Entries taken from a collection
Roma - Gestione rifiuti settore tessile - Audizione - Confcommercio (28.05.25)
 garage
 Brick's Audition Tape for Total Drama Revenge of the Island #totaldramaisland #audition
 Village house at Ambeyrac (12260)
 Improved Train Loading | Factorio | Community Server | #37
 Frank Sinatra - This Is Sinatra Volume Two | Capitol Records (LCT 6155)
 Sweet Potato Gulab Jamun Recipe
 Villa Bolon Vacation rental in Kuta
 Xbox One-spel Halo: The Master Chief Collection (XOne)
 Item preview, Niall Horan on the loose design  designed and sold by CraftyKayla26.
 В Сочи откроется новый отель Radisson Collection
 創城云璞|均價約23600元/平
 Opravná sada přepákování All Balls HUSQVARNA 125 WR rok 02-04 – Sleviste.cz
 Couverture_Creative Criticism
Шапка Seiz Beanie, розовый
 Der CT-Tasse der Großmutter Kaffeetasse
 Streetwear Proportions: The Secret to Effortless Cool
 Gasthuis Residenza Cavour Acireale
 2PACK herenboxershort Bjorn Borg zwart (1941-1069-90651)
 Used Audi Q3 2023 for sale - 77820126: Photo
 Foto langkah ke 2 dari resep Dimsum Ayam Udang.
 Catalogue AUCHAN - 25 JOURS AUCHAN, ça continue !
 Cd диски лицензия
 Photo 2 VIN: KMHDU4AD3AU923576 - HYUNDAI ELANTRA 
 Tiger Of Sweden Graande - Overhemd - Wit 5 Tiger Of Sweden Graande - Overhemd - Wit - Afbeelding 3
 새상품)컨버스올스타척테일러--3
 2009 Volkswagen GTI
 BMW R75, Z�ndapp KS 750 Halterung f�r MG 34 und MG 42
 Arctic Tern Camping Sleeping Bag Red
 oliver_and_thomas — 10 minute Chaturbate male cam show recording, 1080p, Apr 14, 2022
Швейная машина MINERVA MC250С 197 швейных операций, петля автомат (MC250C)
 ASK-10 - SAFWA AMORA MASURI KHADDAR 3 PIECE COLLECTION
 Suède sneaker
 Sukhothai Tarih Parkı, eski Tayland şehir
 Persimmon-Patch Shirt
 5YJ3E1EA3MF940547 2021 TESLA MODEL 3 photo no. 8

Exercise aim -
An exact copy of the lines above, from the one containing "В Сочи откроется" through the one containing "Cd диски лицензия", is the whole of the answer.

Completed exercise -
 В Сочи откроется новый отель Radisson Collection
 創城云璞|均價約23600元/平
 Opravná sada přepákování All Balls HUSQVARNA 125 WR rok 02-04 – Sleviste.cz
 Couverture_Creative Criticism
Шапка Seiz Beanie, розовый
 Der CT-Tasse der Großmutter Kaffeetasse
 Streetwear Proportions: The Secret to Effortless Cool
 Gasthuis Residenza Cavour Acireale
 2PACK herenboxershort Bjorn Borg zwart (1941-1069-90651)
 Used Audi Q3 2023 for sale - 77820126: Photo
 Foto langkah ke 2 dari resep Dimsum Ayam Udang.
 Catalogue AUCHAN - 25 JOURS AUCHAN, ça continue !
 Cd диски лицензия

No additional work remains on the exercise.